Data supplied Start Marker

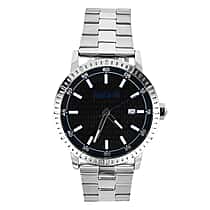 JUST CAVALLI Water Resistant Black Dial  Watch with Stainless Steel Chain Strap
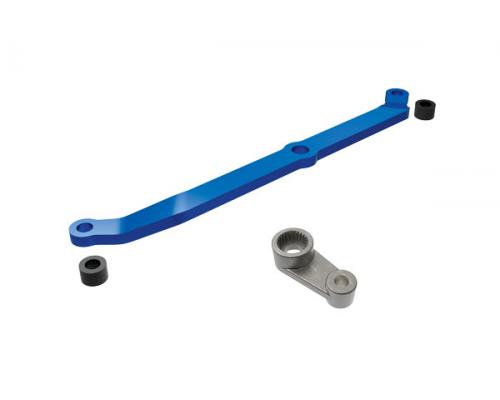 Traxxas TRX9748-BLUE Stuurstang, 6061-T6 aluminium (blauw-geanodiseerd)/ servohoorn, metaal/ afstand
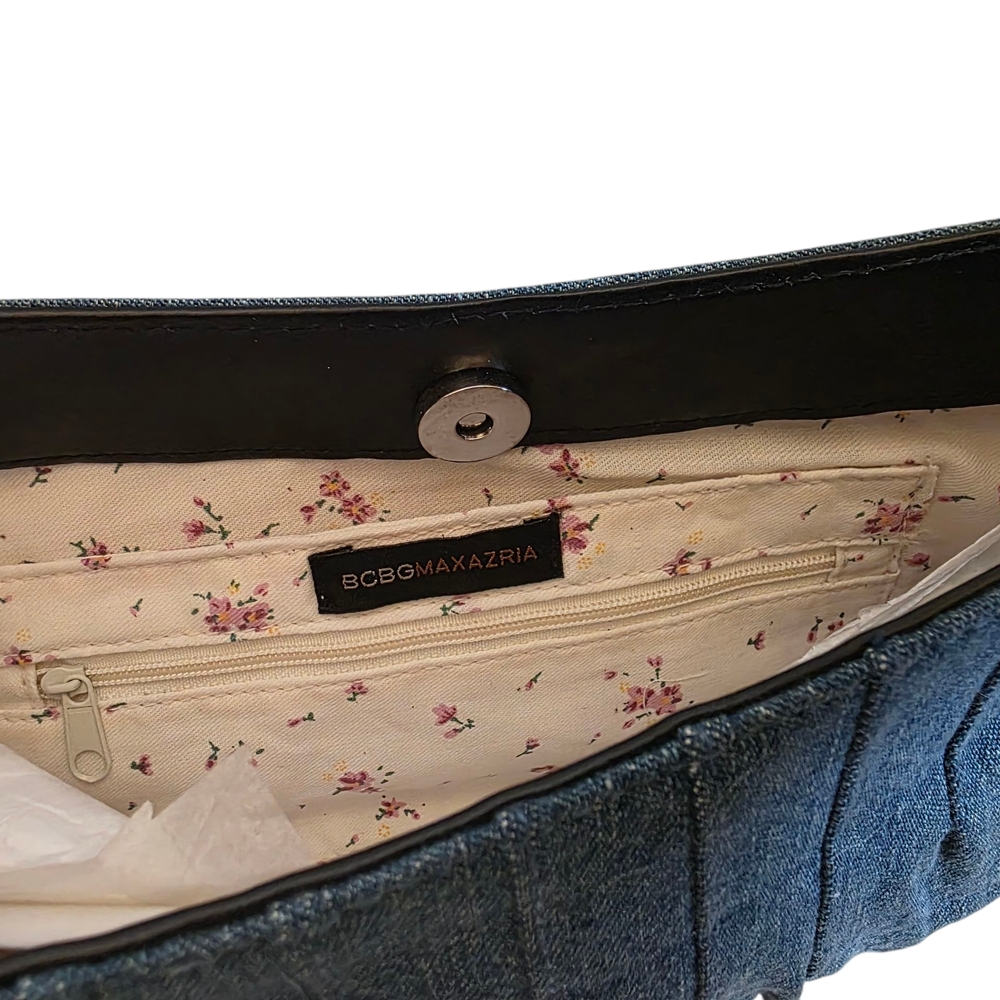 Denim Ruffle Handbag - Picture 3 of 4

Data supplied End Marker
Data supplied Start Marker

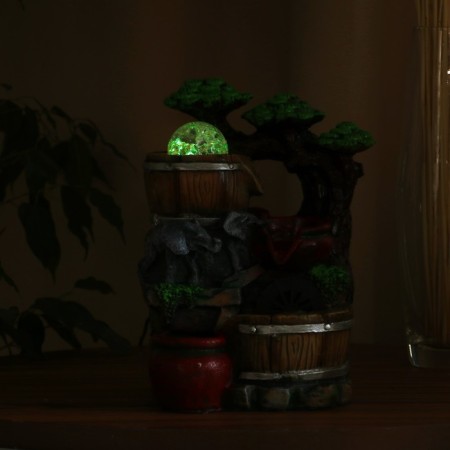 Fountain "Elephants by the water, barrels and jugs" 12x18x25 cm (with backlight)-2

Data supplied End Marker
Data supplied Start Marker

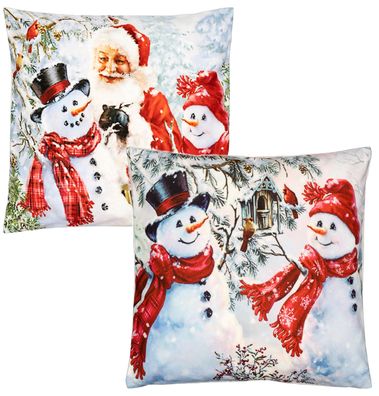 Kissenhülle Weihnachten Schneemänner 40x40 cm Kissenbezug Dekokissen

Data supplied End Marker

Repeat exactly, and only, the entries from the line with "Traxxas TRX9748-BLUE Stuurstang, 6061-T6" through the line with "Denim Ruffle Handbag - Picture 3 of 4". Pictures are skipped.

 Traxxas TRX9748-BLUE Stuurstang, 6061-T6 aluminium (blauw-geanodiseerd)/ servohoorn, metaal/ afstand
 Denim Ruffle Handbag - Picture 3 of 4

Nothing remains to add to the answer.